Ross Clark Ross Clark

Andrew Bailey’s revealing salary slip-up

If Bank of England Governor Andrew Bailey was expecting to bat away some gentle questions on monetary policy before the Commons this morning, he hadn’t reckoned on Labour MP Angela Eagle. She was quietly frothing with rage at Bailey’s recent suggestion that workers need to exercise restraint when asking for a pay rise in order to tackle inflation. 

Eagle began like the late Bamber Gascoigne with a series of quick-fire questions on the median salary of UK workers and care workers. Alas, salaries turned out not to be Bailey’s specialist subject — not even when Eagle asked him about his own. ‘It’s somewhere over £500,000,’ Bailey stumbled, before adding ‘I don’t carry that around in my head’. In fact, his base salary for 2020/21 was £476,596, on top of which he received £1,989 in taxable benefits, £95,319 payments in lieu of pension contributions, and £1,634 of ‘other’ remuneration, bringing the total to £575,538 — 18 times the median UK worker’s earnings.
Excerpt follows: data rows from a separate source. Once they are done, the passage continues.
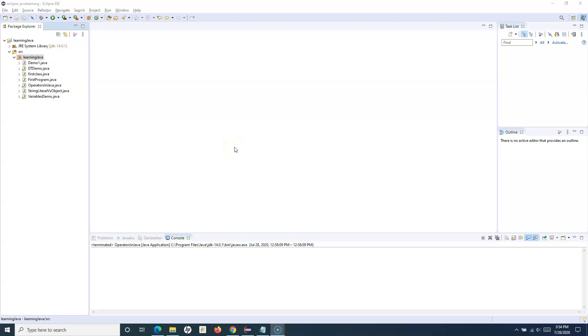Hello and welcome to this Java tutorial. In this tutorial we are going to learn about the Java if-else statement.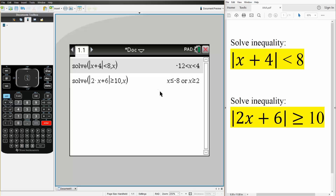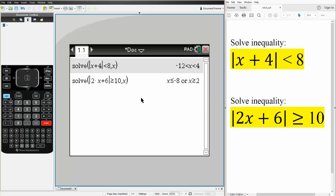And so this is saying that x could be less than or equal to negative 8 — so like negative 8, negative 9, negative 10 — or x could be greater than or equal to 2, so 2, 3, 4, 5, and so on. And that's how we can solve absolute value inequalities using the TI-Nspire.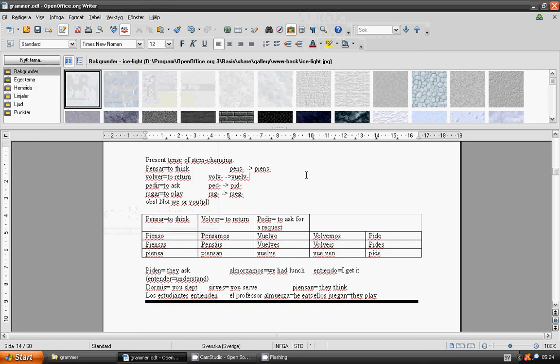Welcome to lesson 38, Spanish Language Grammar. Present tense of stem-changing verbs. To think, pensar.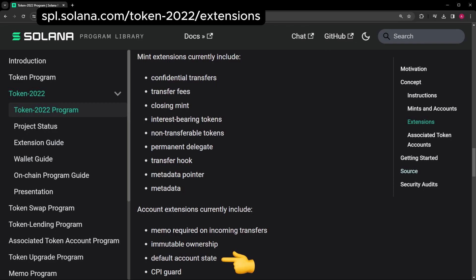Token accounts can have different states, like Frozen. So by default, you could set all token accounts to have a specific state. CPI stands for cross-program invocation. The CPI guard extension lets you restrict how other programs can interact with your token.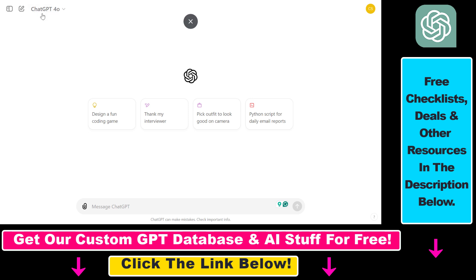So first you have to make sure that you are using the ChatGPT 4 model because it doesn't work with 3.5, and then you also have to make sure that your Google Drive folder is connected to your ChatGPT account.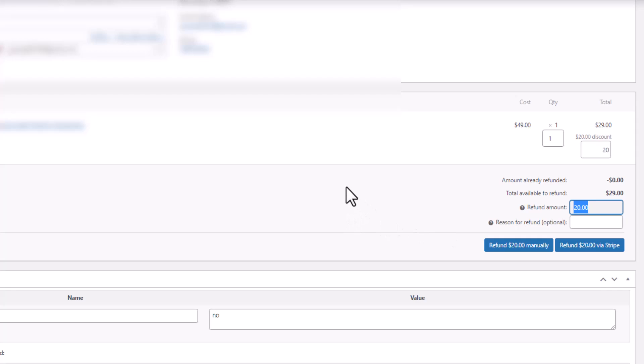So hopefully that'll be helpful if you're trying to figure out how to do a partial refund and you've been banging your head trying to figure it out.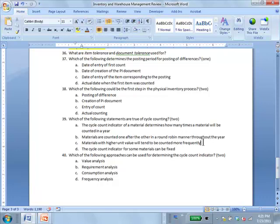Option C is sneaky: cycle counting is based on higher total value, not higher unit value. You might have an expensive material that you consume only once a year — you don't need to count it that often. So it's higher total value that matters, not unit value. A and D are definitely right; carefully examine the others for sneaky options.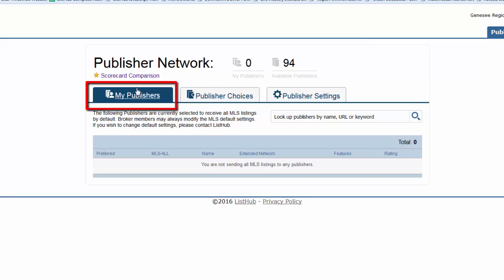My Publishers displays the list of publishers that your MLS has chosen to send all listings to automatically on behalf of your members. If you don't see any publishers listed on this page, it means that your MLS requires each broker to opt in and select the publishers themselves.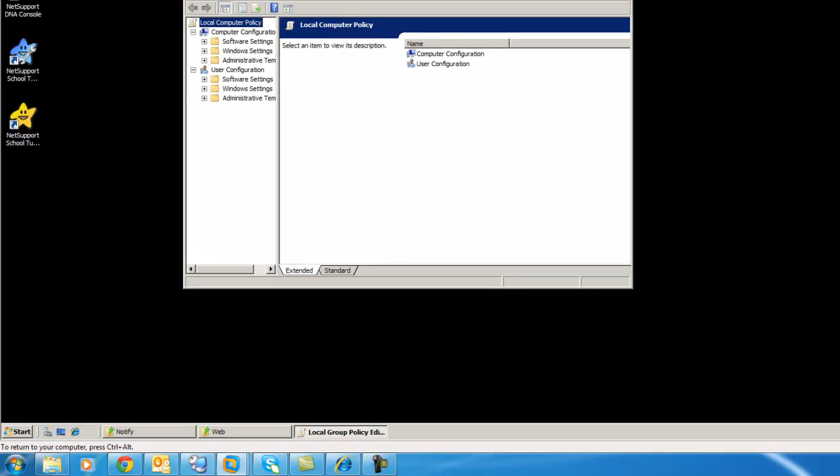The default policies are in your installation directory. For NetSupport School, that's C Drive, Program Files, NetSupport, NetSupport School.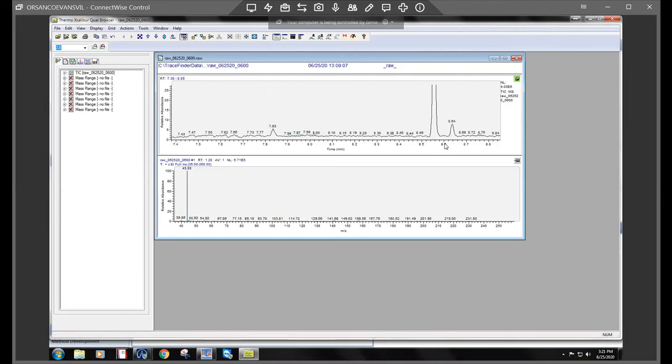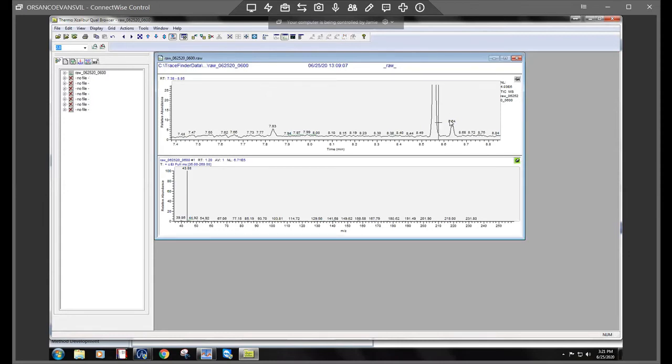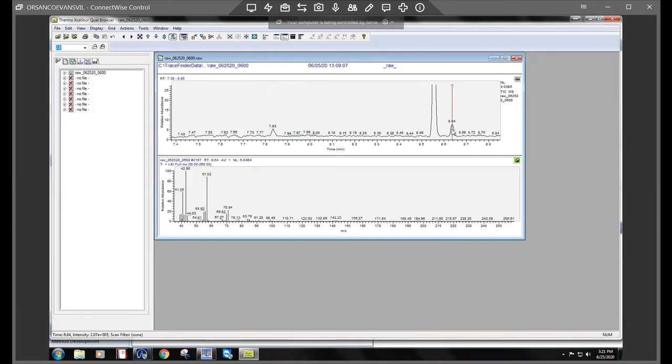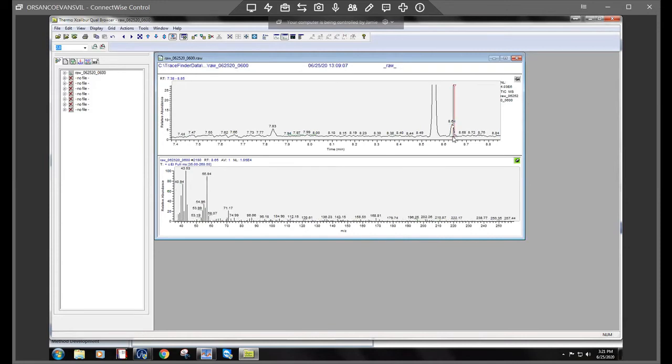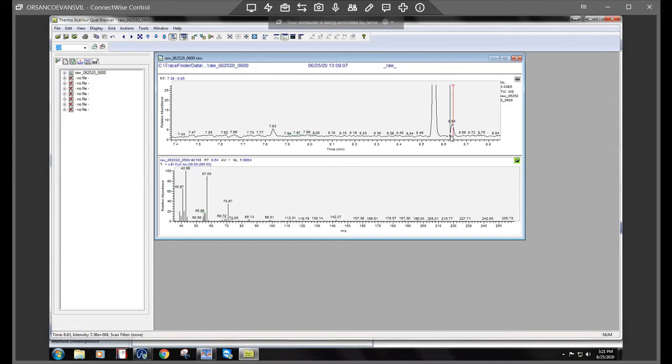We'll do both of these peaks. So I'm going to pin the spectra now and I will just click. I like to line it up to the top of the peak, to the apex.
Salaries turned out not to be Bailey’s specialist subject — not even when Eagle asked him about his own

Eagle’s quite reasonable point was that earnings in real terms have been pretty static for the past 14 years — so when will workers be allowed a pay rise without being accused of adding to inflation? Bailey’s less-than-satisfactory reply was that the poor would suffer most from inflation. 

Eagle then asked him about bankers’ bonuses and executive pay: should they, too, be exercising restraint? Bailey switched tack and said it wasn’t the job of the Bank of England to tell anyone they can’t have a pay rise.